Try it
Nothing in the records that follow should differ once you have copied them out.

Working data
_ _ _ _ _
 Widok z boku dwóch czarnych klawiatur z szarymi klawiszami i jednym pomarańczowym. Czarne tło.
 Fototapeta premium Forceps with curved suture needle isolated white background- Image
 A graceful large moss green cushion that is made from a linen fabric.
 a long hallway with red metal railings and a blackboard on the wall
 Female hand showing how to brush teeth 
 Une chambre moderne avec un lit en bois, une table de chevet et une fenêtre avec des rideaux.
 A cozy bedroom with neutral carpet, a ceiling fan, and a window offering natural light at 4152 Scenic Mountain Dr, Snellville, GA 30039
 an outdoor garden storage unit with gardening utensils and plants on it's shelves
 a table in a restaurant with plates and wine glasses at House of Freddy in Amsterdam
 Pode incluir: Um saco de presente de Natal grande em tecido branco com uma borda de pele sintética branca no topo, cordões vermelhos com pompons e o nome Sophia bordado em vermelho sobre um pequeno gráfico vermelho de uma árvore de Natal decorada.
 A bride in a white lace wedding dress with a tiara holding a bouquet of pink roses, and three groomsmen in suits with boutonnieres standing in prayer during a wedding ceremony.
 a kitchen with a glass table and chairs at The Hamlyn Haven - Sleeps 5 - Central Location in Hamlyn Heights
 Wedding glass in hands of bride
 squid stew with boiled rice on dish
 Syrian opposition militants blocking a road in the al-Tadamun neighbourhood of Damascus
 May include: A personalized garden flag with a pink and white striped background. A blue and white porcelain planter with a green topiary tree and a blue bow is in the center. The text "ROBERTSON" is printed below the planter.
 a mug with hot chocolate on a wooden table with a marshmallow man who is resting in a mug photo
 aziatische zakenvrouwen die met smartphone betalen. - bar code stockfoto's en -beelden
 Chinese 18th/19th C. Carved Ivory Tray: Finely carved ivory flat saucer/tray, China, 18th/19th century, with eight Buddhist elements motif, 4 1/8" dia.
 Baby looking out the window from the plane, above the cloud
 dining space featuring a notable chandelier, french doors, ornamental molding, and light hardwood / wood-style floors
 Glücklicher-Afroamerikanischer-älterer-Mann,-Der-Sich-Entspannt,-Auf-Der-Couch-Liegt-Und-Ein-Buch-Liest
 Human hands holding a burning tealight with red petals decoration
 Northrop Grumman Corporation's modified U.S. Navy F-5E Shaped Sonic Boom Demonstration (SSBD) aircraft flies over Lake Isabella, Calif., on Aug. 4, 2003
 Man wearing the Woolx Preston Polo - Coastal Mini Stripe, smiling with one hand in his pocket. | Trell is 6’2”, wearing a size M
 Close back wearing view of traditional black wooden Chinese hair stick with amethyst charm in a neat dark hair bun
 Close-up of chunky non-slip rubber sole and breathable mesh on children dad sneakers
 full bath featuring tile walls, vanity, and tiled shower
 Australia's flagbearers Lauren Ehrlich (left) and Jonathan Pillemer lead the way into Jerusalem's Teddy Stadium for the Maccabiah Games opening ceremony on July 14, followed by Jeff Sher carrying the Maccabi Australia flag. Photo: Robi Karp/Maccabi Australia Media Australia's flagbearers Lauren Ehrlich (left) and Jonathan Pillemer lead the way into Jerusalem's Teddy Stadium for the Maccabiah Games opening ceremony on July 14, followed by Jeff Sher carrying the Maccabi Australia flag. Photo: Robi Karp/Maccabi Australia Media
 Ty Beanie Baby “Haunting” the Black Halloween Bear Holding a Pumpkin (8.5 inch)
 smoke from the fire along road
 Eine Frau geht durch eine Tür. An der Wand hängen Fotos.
_ _ _ _ _
Reply
 Widok z boku dwóch czarnych klawiatur z szarymi klawiszami i jednym pomarańczowym. Czarne tło.
 Fototapeta premium Forceps with curved suture needle isolated white background- Image
 A graceful large moss green cushion that is made from a linen fabric.
 a long hallway with red metal railings and a blackboard on the wall
 Female hand showing how to brush teeth 
 Une chambre moderne avec un lit en bois, une table de chevet et une fenêtre avec des rideaux.
 A cozy bedroom with neutral carpet, a ceiling fan, and a window offering natural light at 4152 Scenic Mountain Dr, Snellville, GA 30039
 an outdoor garden storage unit with gardening utensils and plants on it's shelves
 a table in a restaurant with plates and wine glasses at House of Freddy in Amsterdam
 Pode incluir: Um saco de presente de Natal grande em tecido branco com uma borda de pele sintética branca no topo, cordões vermelhos com pompons e o nome Sophia bordado em vermelho sobre um pequeno gráfico vermelho de uma árvore de Natal decorada.
 A bride in a white lace wedding dress with a tiara holding a bouquet of pink roses, and three groomsmen in suits with boutonnieres standing in prayer during a wedding ceremony.
 a kitchen with a glass table and chairs at The Hamlyn Haven - Sleeps 5 - Central Location in Hamlyn Heights
 Wedding glass in hands of bride
 squid stew with boiled rice on dish
 Syrian opposition militants blocking a road in the al-Tadamun neighbourhood of Damascus
 May include: A personalized garden flag with a pink and white striped background. A blue and white porcelain planter with a green topiary tree and a blue bow is in the center. The text "ROBERTSON" is printed below the planter.
 a mug with hot chocolate on a wooden table with a marshmallow man who is resting in a mug photo
 aziatische zakenvrouwen die met smartphone betalen. - bar code stockfoto's en -beelden
 Chinese 18th/19th C. Carved Ivory Tray: Finely carved ivory flat saucer/tray, China, 18th/19th century, with eight Buddhist elements motif, 4 1/8" dia.
 Baby looking out the window from the plane, above the cloud
 dining space featuring a notable chandelier, french doors, ornamental molding, and light hardwood / wood-style floors
 Glücklicher-Afroamerikanischer-älterer-Mann,-Der-Sich-Entspannt,-Auf-Der-Couch-Liegt-Und-Ein-Buch-Liest
 Human hands holding a burning tealight with red petals decoration
 Northrop Grumman Corporation's modified U.S. Navy F-5E Shaped Sonic Boom Demonstration (SSBD) aircraft flies over Lake Isabella, Calif., on Aug. 4, 2003
 Man wearing the Woolx Preston Polo - Coastal Mini Stripe, smiling with one hand in his pocket. | Trell is 6’2”, wearing a size M
 Close back wearing view of traditional black wooden Chinese hair stick with amethyst charm in a neat dark hair bun
 Close-up of chunky non-slip rubber sole and breathable mesh on children dad sneakers
 full bath featuring tile walls, vanity, and tiled shower
 Australia's flagbearers Lauren Ehrlich (left) and Jonathan Pillemer lead the way into Jerusalem's Teddy Stadium for the Maccabiah Games opening ceremony on July 14, followed by Jeff Sher carrying the Maccabi Australia flag. Photo: Robi Karp/Maccabi Australia Media Australia's flagbearers Lauren Ehrlich (left) and Jonathan Pillemer lead the way into Jerusalem's Teddy Stadium for the Maccabiah Games opening ceremony on July 14, followed by Jeff Sher carrying the Maccabi Australia flag. Photo: Robi Karp/Maccabi Australia Media
 Ty Beanie Baby “Haunting” the Black Halloween Bear Holding a Pumpkin (8.5 inch)
 smoke from the fire along road
 Eine Frau geht durch eine Tür. An der Wand hängen Fotos.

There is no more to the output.